:: SOURCE INFORMATION
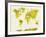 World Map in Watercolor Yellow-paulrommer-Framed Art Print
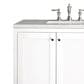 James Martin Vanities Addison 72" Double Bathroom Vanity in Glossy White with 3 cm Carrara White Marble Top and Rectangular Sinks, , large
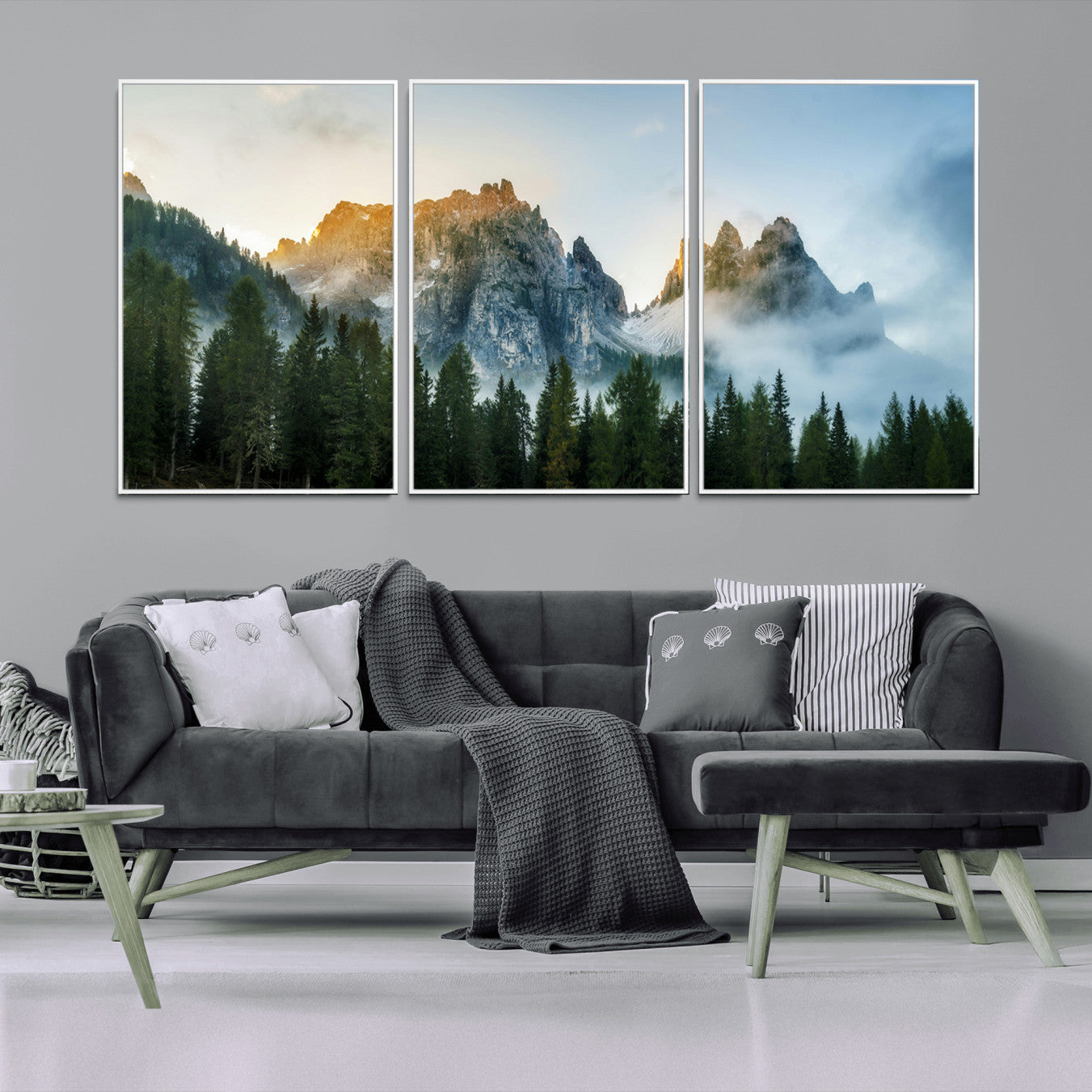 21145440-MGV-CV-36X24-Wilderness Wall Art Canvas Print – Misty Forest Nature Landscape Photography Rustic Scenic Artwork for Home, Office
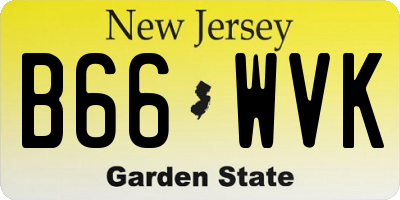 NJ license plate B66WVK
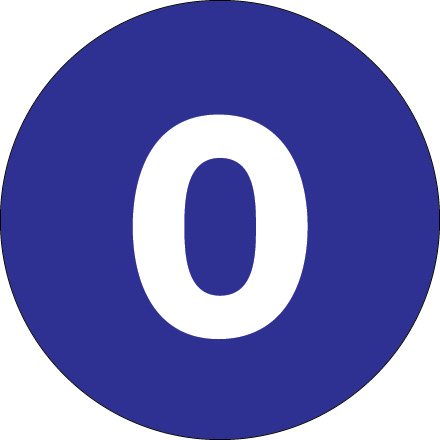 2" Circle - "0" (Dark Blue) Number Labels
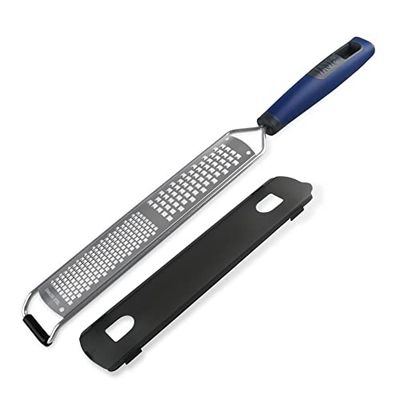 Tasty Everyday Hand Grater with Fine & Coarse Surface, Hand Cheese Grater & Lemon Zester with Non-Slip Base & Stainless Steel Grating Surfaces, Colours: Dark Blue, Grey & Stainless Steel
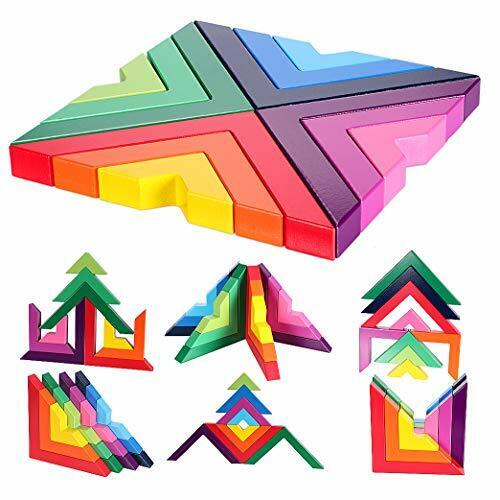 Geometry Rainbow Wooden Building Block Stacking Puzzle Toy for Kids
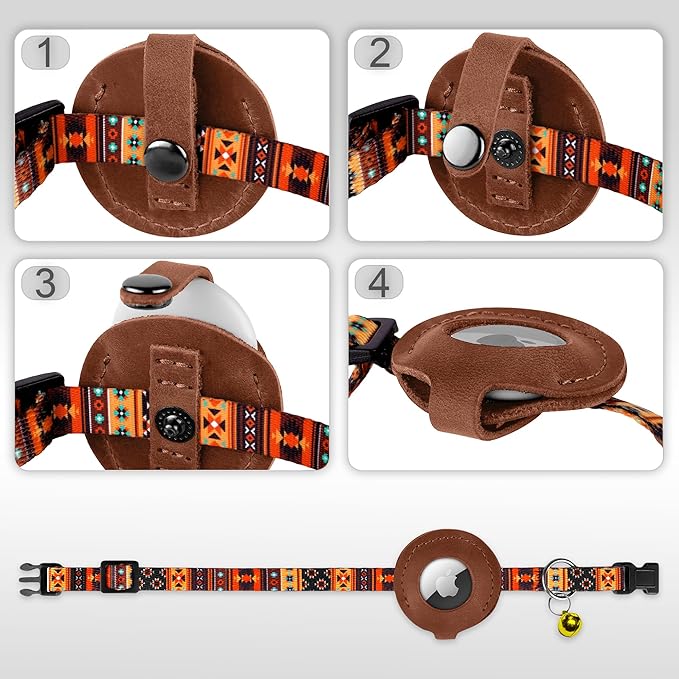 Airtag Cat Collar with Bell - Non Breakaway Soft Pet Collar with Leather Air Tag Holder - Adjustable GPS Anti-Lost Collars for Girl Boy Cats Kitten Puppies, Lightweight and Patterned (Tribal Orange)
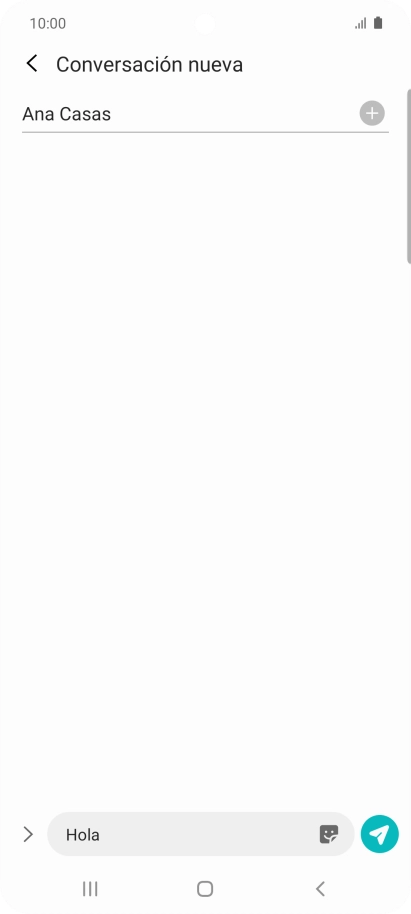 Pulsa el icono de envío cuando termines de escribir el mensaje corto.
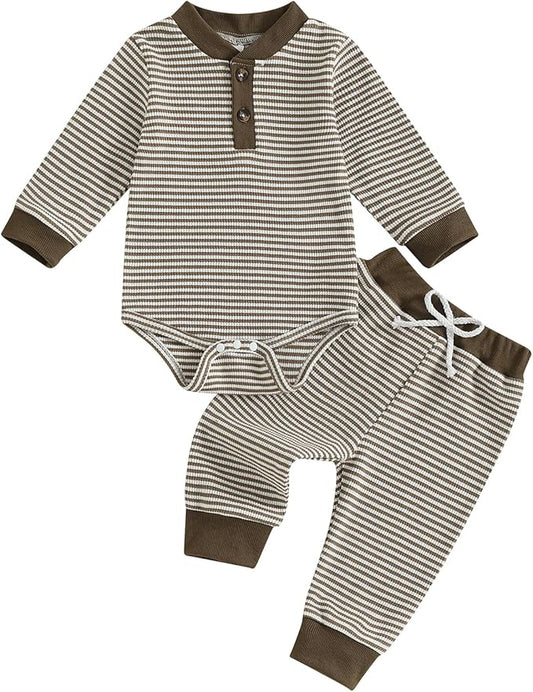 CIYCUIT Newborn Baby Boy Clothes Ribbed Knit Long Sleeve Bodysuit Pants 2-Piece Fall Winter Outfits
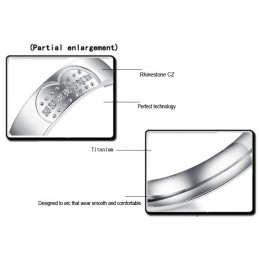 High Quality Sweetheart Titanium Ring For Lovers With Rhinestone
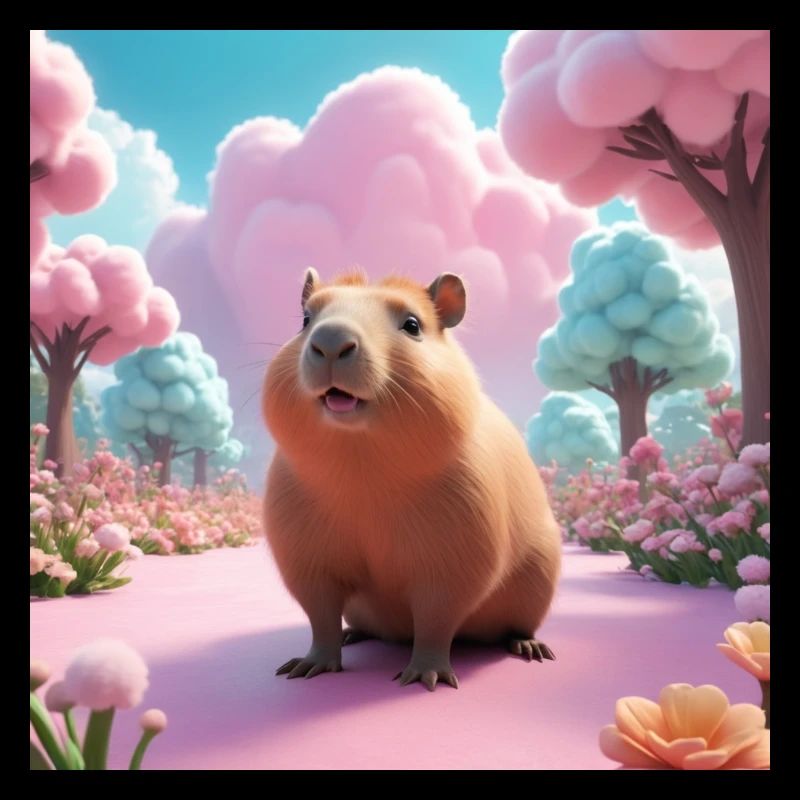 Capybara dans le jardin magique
::::
| WHAT IS EXPECTED |
Retype only the lines that run from the first line of the entries above to the line containing "NJ license plate B66WVK", both included. Do not carry over any pictures.

| PROBLEM SOLUTION |
 World Map in Watercolor Yellow-paulrommer-Framed Art Print
 James Martin Vanities Addison 72" Double Bathroom Vanity in Glossy White with 3 cm Carrara White Marble Top and Rectangular Sinks, , large
 21145440-MGV-CV-36X24-Wilderness Wall Art Canvas Print – Misty Forest Nature Landscape Photography Rustic Scenic Artwork for Home, Office
 NJ license plate B66WVK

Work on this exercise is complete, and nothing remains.